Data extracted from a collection
—————
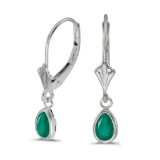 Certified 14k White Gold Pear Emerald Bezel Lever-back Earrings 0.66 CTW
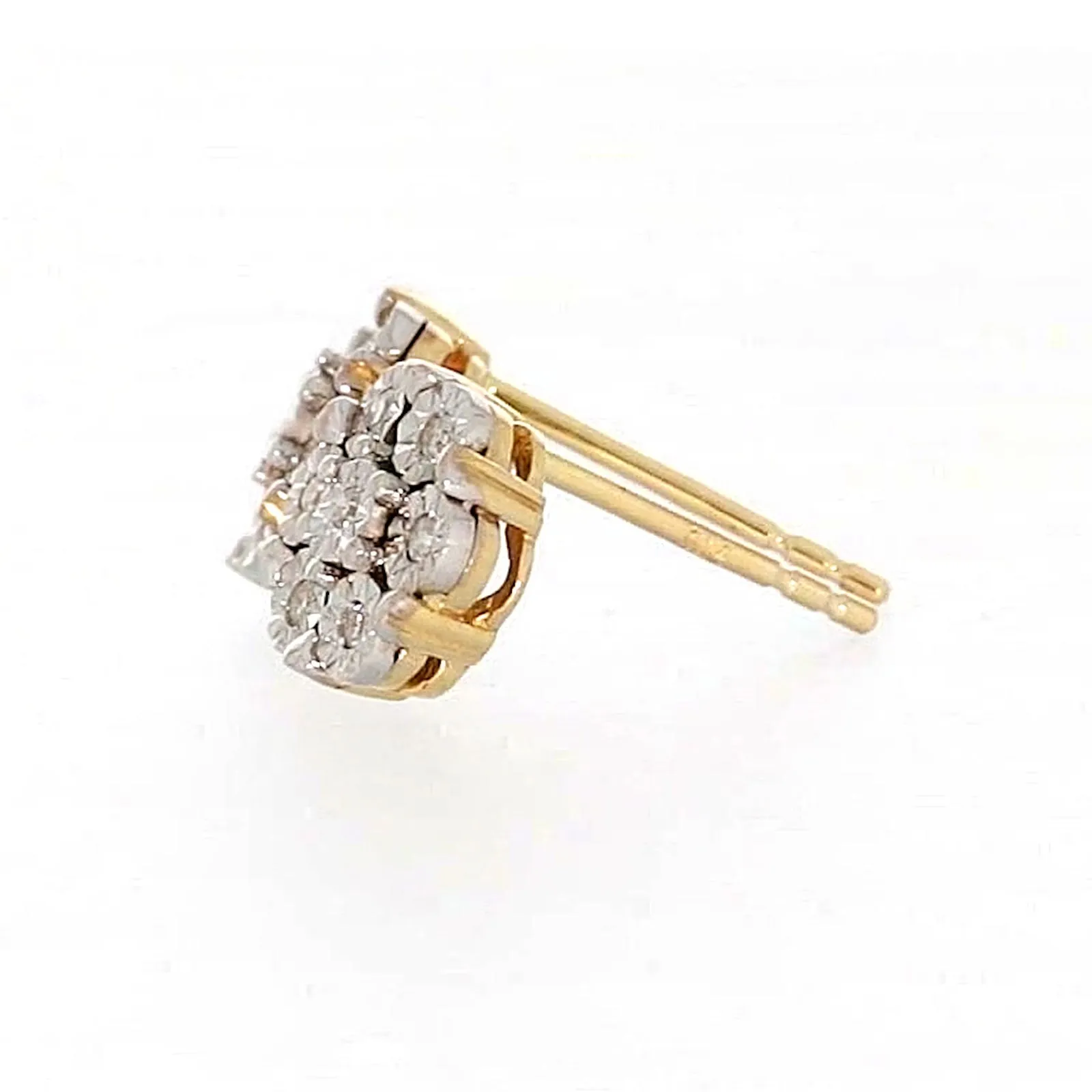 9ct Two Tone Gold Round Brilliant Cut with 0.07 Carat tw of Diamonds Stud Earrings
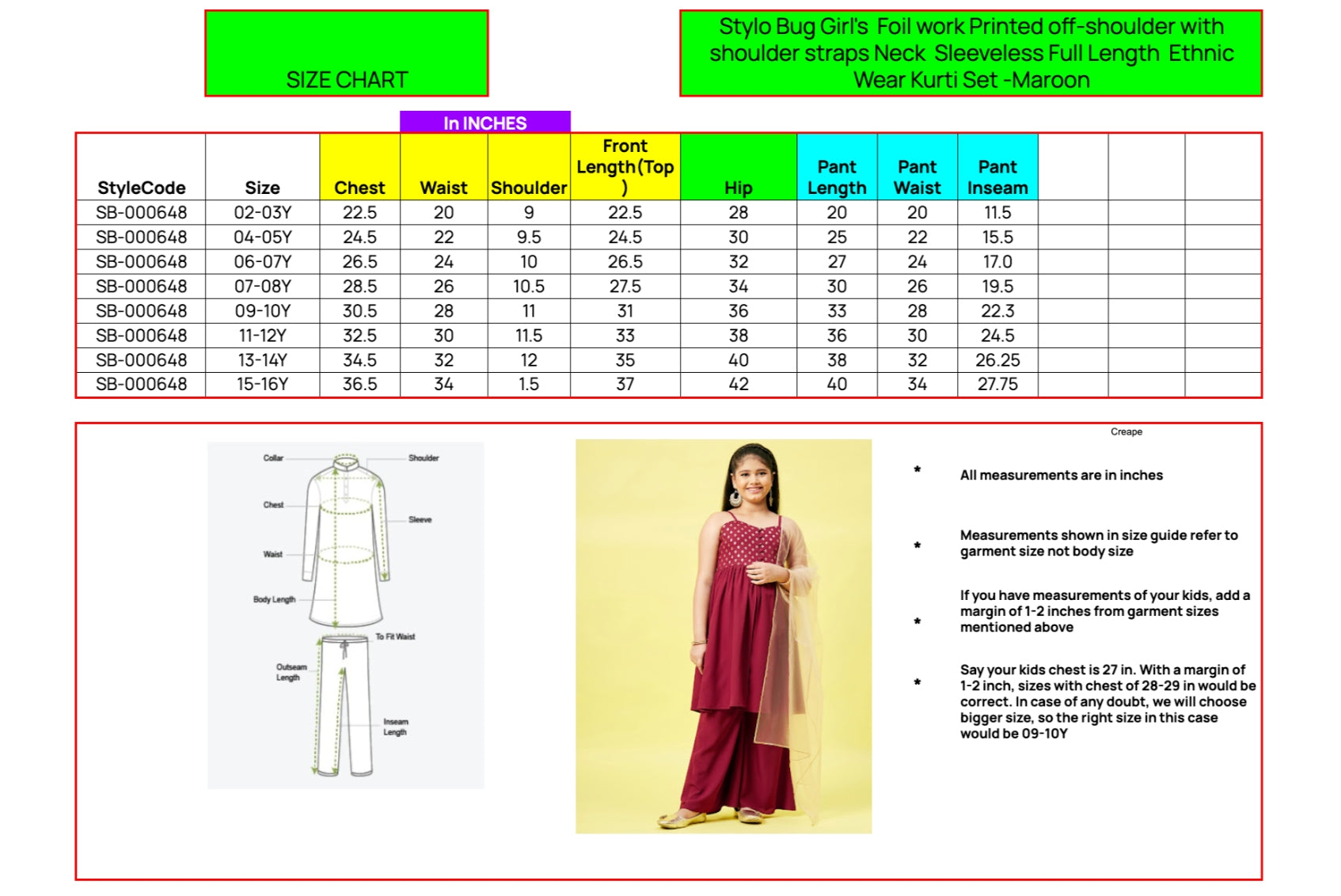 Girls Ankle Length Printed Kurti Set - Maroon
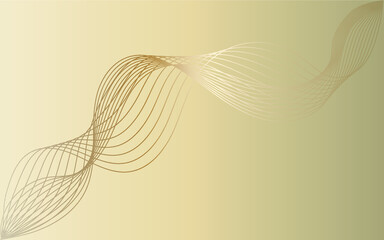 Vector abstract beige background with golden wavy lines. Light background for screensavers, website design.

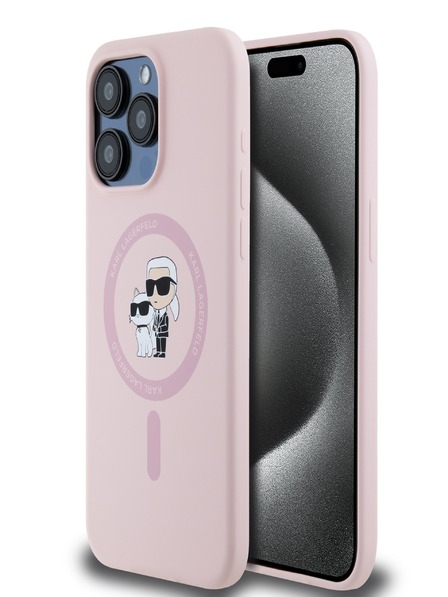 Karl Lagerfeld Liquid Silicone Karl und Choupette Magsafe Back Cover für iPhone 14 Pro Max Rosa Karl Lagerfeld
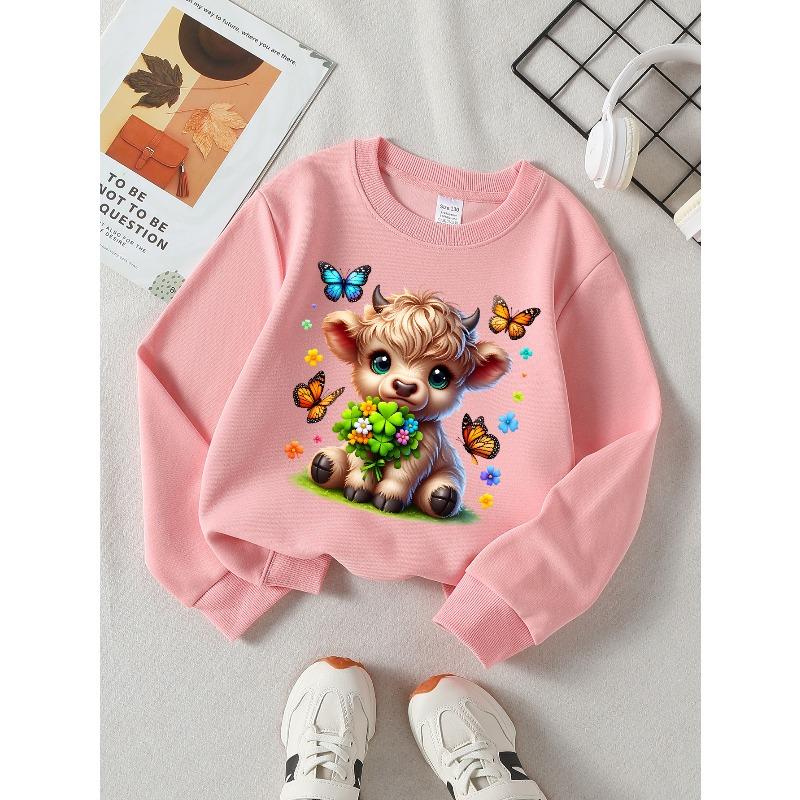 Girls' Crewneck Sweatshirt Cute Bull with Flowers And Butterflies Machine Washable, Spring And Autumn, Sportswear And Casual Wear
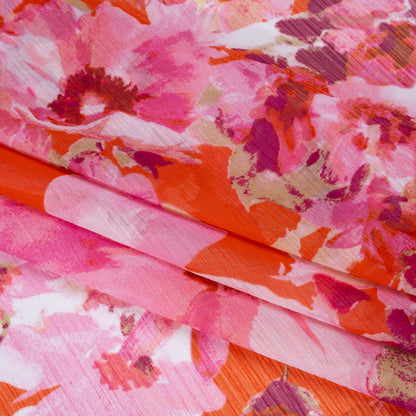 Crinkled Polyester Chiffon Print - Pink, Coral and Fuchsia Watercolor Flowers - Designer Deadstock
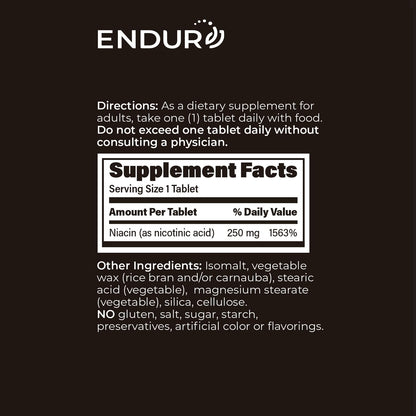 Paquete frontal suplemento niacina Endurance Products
—————
TASK BRIEF
Since pictures are not part of the copy, set down only the remaining data exactly.

ANSWER SPACE
 Certified 14k White Gold Pear Emerald Bezel Lever-back Earrings 0.66 CTW
 9ct Two Tone Gold Round Brilliant Cut with 0.07 Carat tw of Diamonds Stud Earrings
 Girls Ankle Length Printed Kurti Set - Maroon
 Vector abstract beige background with golden wavy lines. Light background for screensavers, website design.

 Karl Lagerfeld Liquid Silicone Karl und Choupette Magsafe Back Cover für iPhone 14 Pro Max Rosa Karl Lagerfeld
 Girls' Crewneck Sweatshirt Cute Bull with Flowers And Butterflies Machine Washable, Spring And Autumn, Sportswear And Casual Wear
 Crinkled Polyester Chiffon Print - Pink, Coral and Fuchsia Watercolor Flowers - Designer Deadstock
 Paquete frontal suplemento niacina Endurance Products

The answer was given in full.